Уилсон проснулся в едва проступающем рассвете. Было рано, но чайки за окном уже заходились в привычной истерике. Уилсон поморщился их воплям и повернул голову.
Хаус спал на своей половине всё ещё соединённых в одну кроватей. Как всегда во сне, он выглядел беззащитным и очень расслабленным, не считая той руки, которая по-прежнему, уже привычно, обхватывала пальцами запястье Уилсона. Значит, уснул недавно, раз рука не успела соскользнуть или и во сне возвращал её на то же место. Подсознательно. По привычке. Ведь уже не нужно, он сам решил, что не нужно - он же отключил монитор. Вчера, когда повёз его на прогулку, отцепил датчики и не стал возвращать на место, сказав, что уже можно обойтись «без тотальной слежки». А тревожный маячок в подсознании остался. Пульсоксиметр…
Уилсон усмехнулся и тут же сжал губы, потому что задрожали. Осторожно он высвободил руку из пальцев Хауса. Хаус глубоко вздохнул и шевельнулся.

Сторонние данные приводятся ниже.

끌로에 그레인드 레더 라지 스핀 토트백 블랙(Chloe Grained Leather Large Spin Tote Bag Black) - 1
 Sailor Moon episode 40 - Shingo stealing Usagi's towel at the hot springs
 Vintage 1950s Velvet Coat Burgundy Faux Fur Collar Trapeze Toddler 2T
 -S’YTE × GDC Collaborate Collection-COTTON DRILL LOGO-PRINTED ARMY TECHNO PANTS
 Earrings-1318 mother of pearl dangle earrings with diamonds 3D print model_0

- Спи-спи, - прошептал Уилсон. – Я – в порядке. Всё хорошо, - он невесомо успокаивающе коснулся пальцами плеча спящего – быть услышанным, но не разбудить. И словно впервые за долгое время вдруг по-новому увидел его – именно таким, каким он стал сейчас, без примеси иллюзии памяти, зачастую искажающей восприятие.
Хаус заметно сдал.
Уилсон смотрел и, как внезапно прозревший, отчётливо видел все эти перемены при блеклом свете утра. Резкую худобу – Хаус никогда не был жирным, но сейчас он просто превратился в обтянутый кожей скелет. Сероватый цвет лица – это на южном-то солнце. Нервозность в самом рисунке рук, губ, пальцев, в подрагивании ресниц сомкнутых век. Седина, сделавшаяся густой на его от природы волнистой русой шевелюре, как делается густой седина пепла на остывающих углях костра. Его волосы отросли, стали такими же длинными, как когда он пришёл из тюрьмы. Ему шло, но зато отчётливее видно было, как они редеют.
И вот именно теперь, глядя на него, Уилсон вдруг подумал, что некий этап их совместного приключения, их поездки, их ада на двоих подошёл к логическому завершению, и пора его заканчивать, переходить на другой уровень. Причём инициатива этого завершения должна принадлежать не Хаусу.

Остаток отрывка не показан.